There are still likely opprotunities to factor out more shared logic into `core`..

* Got standard isolation forest R/W working after major refactor. Still a work in progress.

* Fixed package structure.

* WORK IN PROGRESS - Have prototype extended isolation forest read / write working with tests.

* Did linting for eif code.

* fix(EIF): align hyperplane split + path test with paper; correct intercept sampling, ≤ semantics, and degeneracy handling

- Sample normal in the selected subspace with up to (extensionLevel+1) non‑zero coords; normalize and guard zero‑norm.
- Sample intercept as point p by drawing each active coordinate uniformly from that node’s data range; set offset = n·p.
- Use inclusive left-branch test x·n ≤ n·p in both training and scoring so the split predicate matches the paper.
- Treat minDot == maxDot or an empty partition as a leaf (stores numInstances); keeps trees well‑formed.
- Compute dot against a full‑length normal (zeros for unused coords) to match the (x − p)·n test.
- Minor: log message tweaks; one‑pass min/max scan instead of materializing arrays; consistent ≤ in train/score.
- No change to model IO or public params.

* fix(EIF): retry degenerate hyperplane splits instead of premature leafing

  Previously, a single failed split attempt (constant feature, all-same
  dot products, or empty partition) immediately produced a leaf node.
  This meant extensionLevel=0 was not equivalent to standard IF when the
  first randomly chosen feature happened to be constant. Now retries up
  to 50 times before falling back to a leaf.

* chore(EIF): remove dead code, unused imports, and fix test description typos

* fix(EIF): validate extensionLevel at fit time instead of silent clamping

  Remove Int.MaxValue-1 sentinel default. If the user sets extensionLevel
  above numFeatures-1, throw immediately. If unset, default to
  numFeatures-1 (fully extended). The resolved value is persisted in the
  model rather than the sentinel.

* fix: fail fast on empty partition in shared tree training

Guard against dataForTree.head crash when a partition receives zero
sampled points. Throws a clear IllegalStateException instead of a
confusing NoSuchElementException.

Co-Authored-By: Claude Opus 4.6 <noreply@anthropic.com>

* fix: use actual tree count instead of numEstimators param in scoring

  Divide path length sum by the actual number of trees in the model
  rather than the $(numEstimators) parameter, preventing model/param
  drift from producing incorrect anomaly scores.

* test(EIF): replace toString tree comparison with structural equality check

  Use recursive node-by-node comparison with epsilon tolerance for
  doubles instead of fragile toString matching.

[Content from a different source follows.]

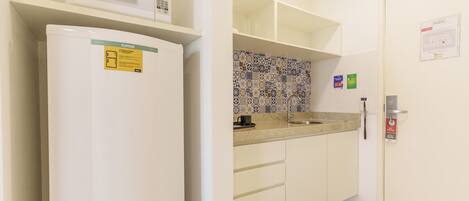 A kitchen with a microwave, a refrigerator, a sink, and patterned backsplash tiles.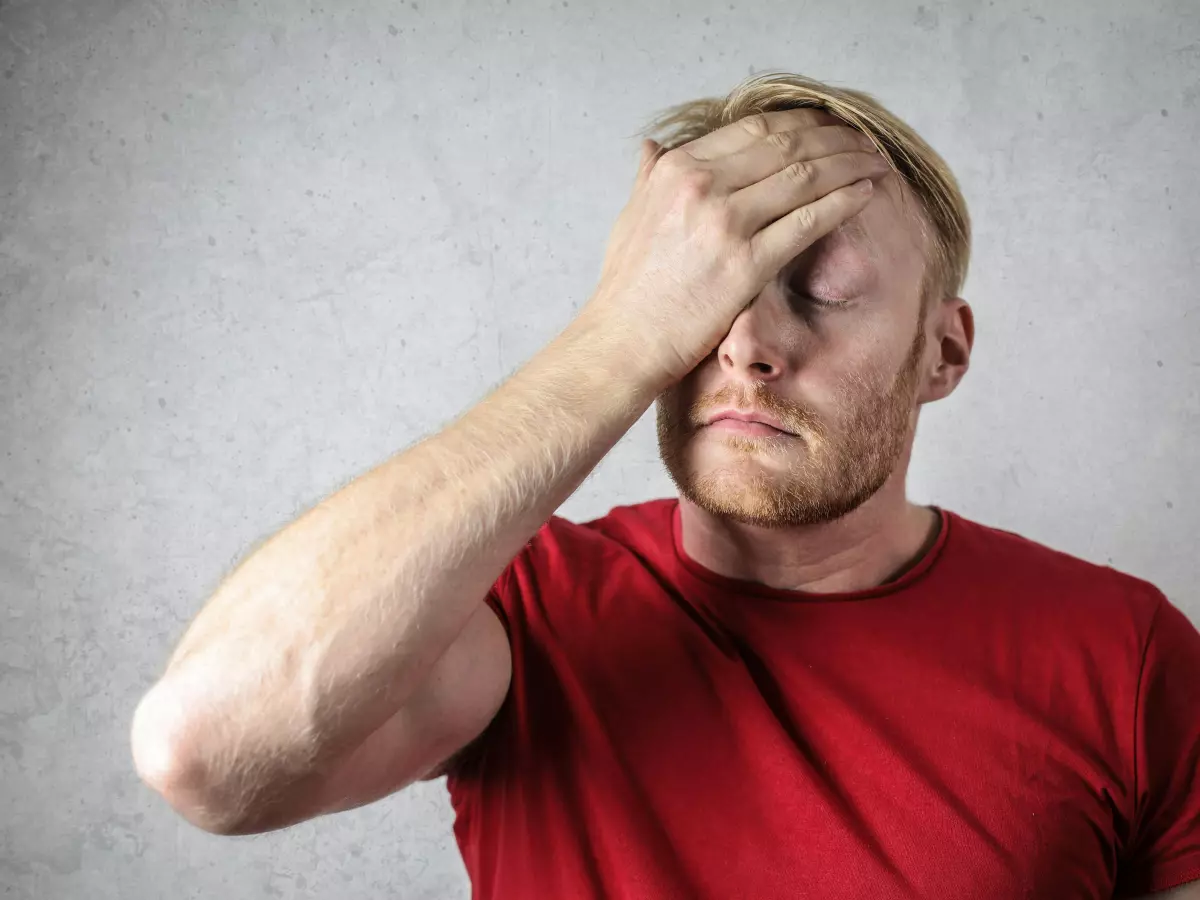 A man with blond hair and a beard is covering his face with his hand. He is wearing a red t-shirt. He looks distraught.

* docs: add Extended Isolation Forest documentation to README

  Add EIF section covering when to use it, the extensionLevel parameter
  and its interaction with maxFeatures, and a usage example. Call out
  that ONNX export is not supported for EIF. Add Hariri et al. 2018
  to references.

* Added citation info to readme.

* fix(EIF): use strict < for hyperplane split and stop fit() from mutating estimator

  Change the split criterion in ExtendedIsolationTree from <= to strict <,
  matching both the reference implementation (sahandha/eif) and our own
  standard IsolationTree. Affects tree building (partition) and scoring
  (path traversal).

  Remove the set(extensionLevel, resolvedExtensionLevel) call in
  ExtendedIsolationForest.fit() that mutated the estimator. When
  extensionLevel was unset (defaulting to fully extended), the first
  fit() permanently set it, causing reuse on a dataset with fewer
  features to either fail validation or silently use the wrong level.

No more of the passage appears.